Back in 1984 when newspaper offices clacked with typewriters and smelled of tobacco smoke, printing ink, and fish and chips, I started writing for the Northern Advocate as an art critic.
There seemed a need. The worst feedback for an artist opening a dialogue by exhibiting work is a big fat nothing.
Assumedly the then editor thought controversy good for business. Whenever a fuss broke out over one of my reviews, he'd raise my pay. I soon got the idea.
After five years, though, anonymous white powder arrived in the mail, long before anthrax and terrorism were invented, assumedly from a disgruntled artist. I quit.

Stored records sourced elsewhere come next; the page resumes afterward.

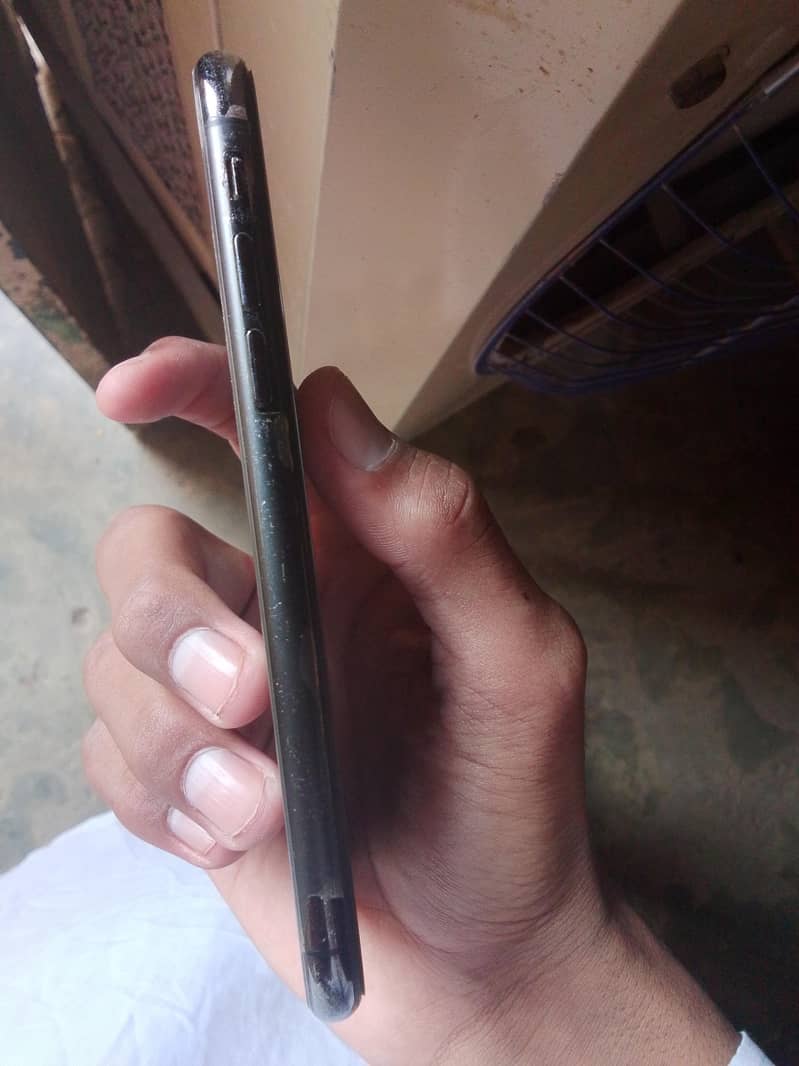 Apple iPhone X 2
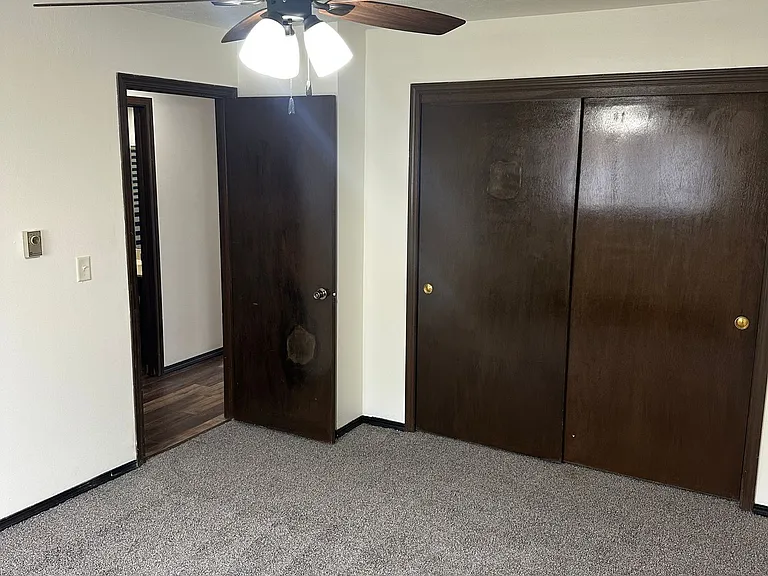 Immaculate Updated 1 & 2 Bedroom with 1 Bath — Photo 13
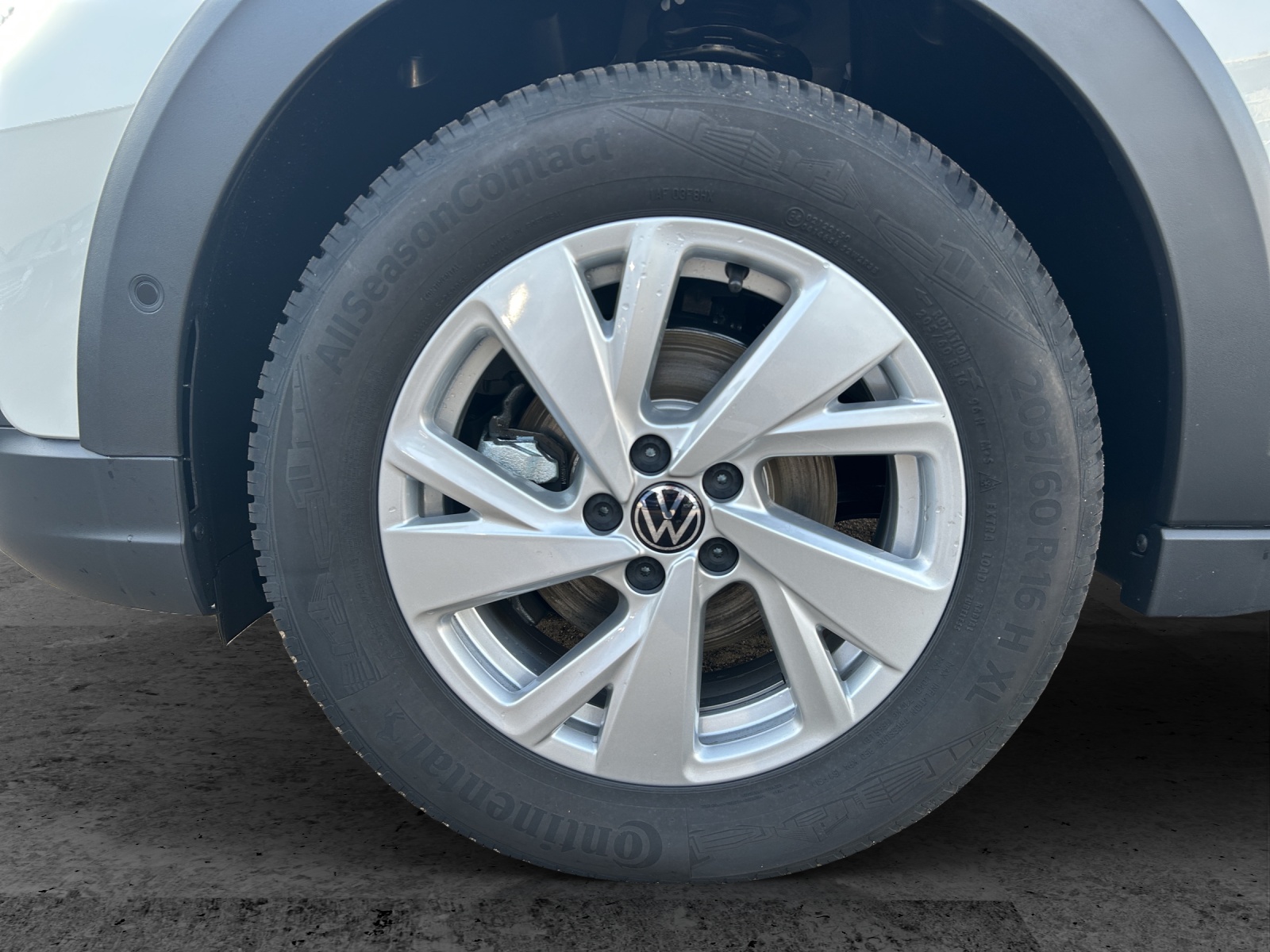 Fahrzeugabbildung Volkswagen Taigo Life LED NAVI DAB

I needed danger money.
One intrepid soul who took on the job in my wake for a time in the 1990s (before unpaid illiterate online ranters made print reviewing all but obsolete) was Stefan Tengblad, who died suddenly last week.
Born in Stockholm, Stefan (1959-2016) studied painting in Marseilles and then after moving to NZ in 1980, art administration at Auckland University before opening a gallery in Mt Eden.
A grandson of NZ movie mogul Sir Robert Kerridge, Stefan was estranged from his Kerridge family when he fought to save Auckland's His Majesty's Theatre from demolition.
When, around 1990, the then Forum North Trust Board took over the former North Gallery behind the old library in Whangarei (long story, I'll save you the politics), Stefan was chosen as its first director.
He arrived in town with a collection of antique furniture, a trusty bucket of raisins and rum always fermenting in the corner, and the exotic outlook of a cosmopolitan aesthete and bon vivant.
Because English was not his first language, his prose had a kind of ethereal lyricism that meant his art reviews rarely attracted controversy. I was always mystified but delighted by what he wrote about my paintings. It shed a whole new light on them for me.
In 1990 when the Hundertwasser Art Gallery was initially proposed, Stefan was the first secretary of the committee. He will be owed a debt of gratitude should it ever get off the ground.
Next he was appointed director of Whangarei Museum which, with many diverse volunteer stakeholders, was a tricky balancing act.
My favourite memory is of the sunny day he hosted an al fresco cross-cultural ceremonial welcome for visiting Tibetan monks about to create an intricate mandala from coloured sand at the museum.
I sat on the hill, with a magnificent view of Whangarei Heads in the distance, laughing as Stefan - tall and angular - plied busily between cultural groups - Maori, Buddhist, museum and district council - doing his level best to devise mutually acceptable protocols with only the slimmest of shared language, like a stick figure in a hilarious comedy of errors.
When the mandala was finished it was consigned to the sea, a symbol of the fleeting universality of all bright temporal beauty.
Latterly Stefan devoted himself to building up participatory audiences for the visual arts in the idealised online virtual environment.
Gone like the mandala, he will be remembered nevertheless for the inimitable colour, friendship, fun and beauty he brought to Whangarei's arts community and his presence remains in the virtual world which some claim lasts forever.